This move follows two new grants awarded to researchers and aims to benefit chemical and personal care companies with non-animal methods.
"Funding research for non-animal testing methods is one of our most vital campaigns," says Jessica Sandler, director of PETA's Regulatory Testing Division.
Through the McGrath Family Foundation of San Diego, which supports PETA's efforts to replace animals in laboratories with modern alternatives, PETA has given a $62,000 grant to the International QSAR Foundation to support the acceptance of an alternative to carcinogenicity testing for drug development, cosmetics ingredients, and chemical testing.
In addition, PETA UK, one of PETA's overseas affiliates-is giving a $130,000 grant to CRO CeeTox for the validation of a non-animal skin allergy test that is commonly used to test cosmetics.
PETA claims that in the current animal tests, 32 to 80 guinea pigs or 16 to 60 mice have chemical substances repeatedly smeared onto their skins or injected into their bodies.

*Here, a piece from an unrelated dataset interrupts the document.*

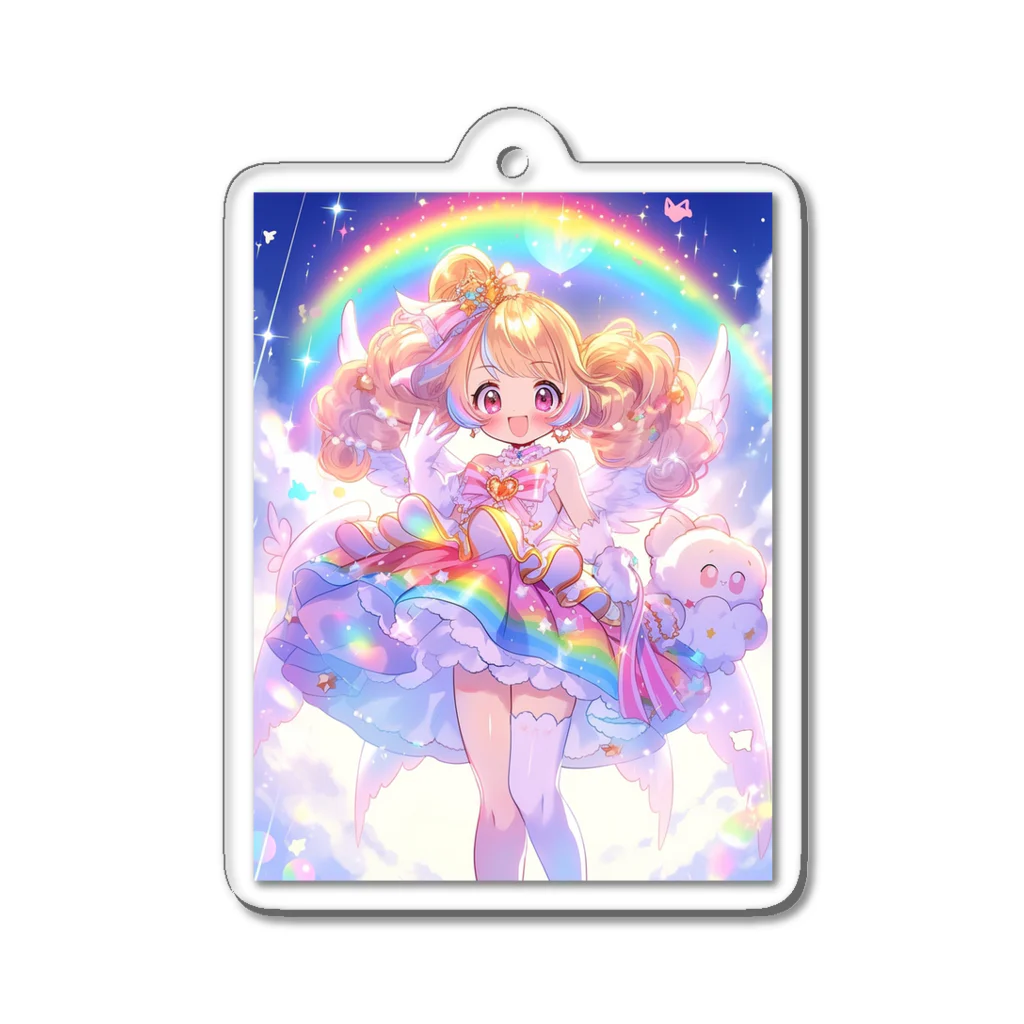 シロクマペンギンの虹の魔法少女 Acrylic Key Chain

Among PETA's previous grants was support for the validation of a non-animal skin irritation method that was subsequently accepted by the Organization for Economic Cooperation and Development and that has replaced the use of rabbits for chemical testing worldwide.
Synthetic skin option
Earlier this year, researchers from Ohio State University explored one of the options to finally drive animal testing out of the cosmetics industry, by replacing animal skin with synthetic skin.
The research suggested that currently available types of synthetic skin may now be good enough to imitate animal skin in laboratory tests, and may be on their way to truly simulating human skin in the future.
Researchers compared the response of synthetic skins to rat skin when they were both exposed to a generic skin cream treatment, and the results indicated they both reacted similarly.